L’expression populaire qui veut que la Bolivie soit dans la situation « d’un mendiant assis sur un trône en or »n’est pas venue des géologues. Elle a été forgée par des siècles d’avidité géopolitique bien plus que par une exploration rigoureuse et circonstanciée du sous-sol. Est-il besoin de rappeler ici que la plus belle découverte des conquistadors espagnols en abordant le Nouveau Monde, fut le fameux Cerro Rico de Potosi et tout un cortège de gisements d’argent (Prieto, 1977). Cette découverte devait bouleverser l’économie européenne, mais elle n’assura jamais l’accès au développement des populations indigènes qui furent le plus souvent réduites au travail forcé dans les mines (la mita). Si la jeune Bolivie indépendante de 1825 était deux fois plus vaste que celle d’aujourd’hui, c’est que des guerres successives, toujours motivées par l’accès aux ressources, ont marqué son territoire. En 1879 le Pérou et le Chili sont aux prises pour le contrôle des gisements stratégiques de nitrate (engrais) sur la côte Pacifique. Il en résultera pour la Bolivie : la perte de l’accès à la mer… et la perte, insoupçonnée alors, d’immenses gisements de cuivre qui ont aujourd’hui pour nom Chuquicamata, Collahuasi, etc… et contribuent largement à la puissance économique du Chili. En 1938, c’est une bonne part du Chaco qui sera perdue au bénéfice cette fois du Paraguay… ou plus exactement des compagnies pétrolières qui le soutenaient. Marquée par ce sentiment permanent d’être dépossédée de ses ressources, la Bolivie devait encore subir la richesse provocante des barons de l’étain dans la première moitié du 20ème siècle et dans la foulée une importante contribution à l’effort de guerre américain de 40-45 sous forme de réserves en étain qui allaient plus tard contribuer à une dévalorisation catastrophique de ce métal et à la nationalisation dès 1952 de toute l’activité minière sous l’égide de la COMIBOL. Dans la dernière moitié du XXème siècle, l’industrie minière nationale déclina faute d’un réinvestissement judicieux dans les structures de production mais aussi en raison du déclin important de l’étain sur le marché mondial.
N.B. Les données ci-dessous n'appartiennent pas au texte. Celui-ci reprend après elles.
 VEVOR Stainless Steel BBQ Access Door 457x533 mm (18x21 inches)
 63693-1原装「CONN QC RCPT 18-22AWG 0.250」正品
Que ce soit à tort ou parfois à raison, une véritable suspicion pour les projets d’exploration à capitaux étrangers s’est installée en Bolivie durant cette période. Le soulèvement populaire qui a chassé FMC-Lithco du Salar d’Uyuni dès 1991 ou encore les difficultés de mise en route du gisement d’argent de San Cristobal (aujourd’hui 100% Sumitomo) au début des années 2000 sont assez emblématiques à cet égard. En conséquence de tout cela, les ressources minérales du sous-sol bolivien sont aujourd’hui sous-explorées et ne sont pas correctement évaluées au regard des normes internationales qui établissent des définitions strictes relatives aux notions de réserves prouvées, probables et possibles (voir le Joint Ore Reserves Committee). Le tableau 1 reprend les réserves actuellement connues et l’importance relative de la Bolivie dans le paysage mondial.

Tableau 1 SS BolivienL’autre conséquence immédiate des soubresauts politiques a évidemment été que la Bolivie est rarement considérée comme une terre favorable pour des investissements de très long terme comme ceux qui prévalent dans le secteur minier. Sans surprise, le Fraser Institute a régulièrement classé la Bolivie parmi les destinations les plus risquées pour l’investissement privé dans le secteur minier (en 2009 : 66e sur 72 ; en 2010 : 76e sur 79 => Survey of mining companies) alors que le Chili se classe depuis des années parmi les destinations les plus favorables.

Il faut bien évidemment garder à l’esprit que le classement du Fraser Institute est réalisé sur base d’une enquête auprès des seules compagnies minières et qu’il ne prend nullement en compte le point de vue des gouvernements ou des populations vivant dans les régions minières.

Loin de la politique suivie par ses voisins, la Bolivie d’Evo Morales s’enorgueillit de chercher une voie originale susceptible de maximiser la valeur ajoutée sur le territoire national en évitant l’exportation du minerai brut. Le porte-drapeau emblématique de cette politique est assurément le projet de valorisation du lithium dans le Salar d’Uyuni.